Putting it like that makes it look too simple. It assumes a naive realism where we unproblematically perceive the cross and then compare it with human experience, as if we do not draw on the same human experience in understanding the cross. Thus the problem is not that Holmes has turned socio-cultural experience into a criterion for theology, he hasn’t yet worked out an adequate balance between these two forces: on the one hand, the prevenience of the cross, on the other, the indispensability of experience.
The question, then, is, how to make the scandal of the cross intelligible? My own inclination is to treat the Biblical metaphors themselves as foundational, as bedrock. There is no access to the facts that they describe, or to the content that they deliver, save through the metaphors themselves. God has been gracious enough to provide us in Scripture not simply with a nude content, which is experience free, passion free, purpose free, but rather with a normative stance towards God, Jesus, salvation and so on.
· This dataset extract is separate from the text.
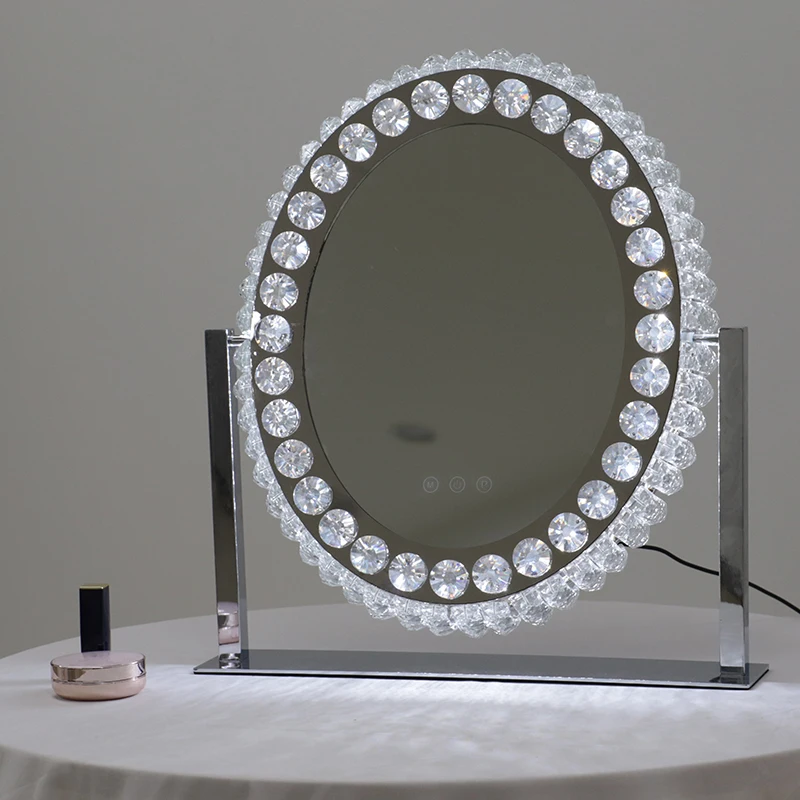 2022 NEW Arrival Oval Vintage Desktop LED lighted crystal makeup vanity mirror crushed diamond mirror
The metaphors that Scripture uses engender a perspective, a stance, a perfomative (not simply a propositional) attitude and orientation towards what is revealed. Given the constitutive nature of those experiences and metaphors, I simply don’t think it is possible to get beneath them. We tried and we failed.
Why not treat those very metaphors as foundational? Does this end up with a sterile biblicism? It could. But this does not mean that improvisation is impossible. But what guides this improvisation is not the vision of a pure content, but a primordial and normative performance. That’s the Scriptural performance.
There is a propositional element in this - as far as it can be - not one that can be isolated from the affectional and the performative, but one that is only made possible through it. It is not at all accidental that Jesus held that he is the truth.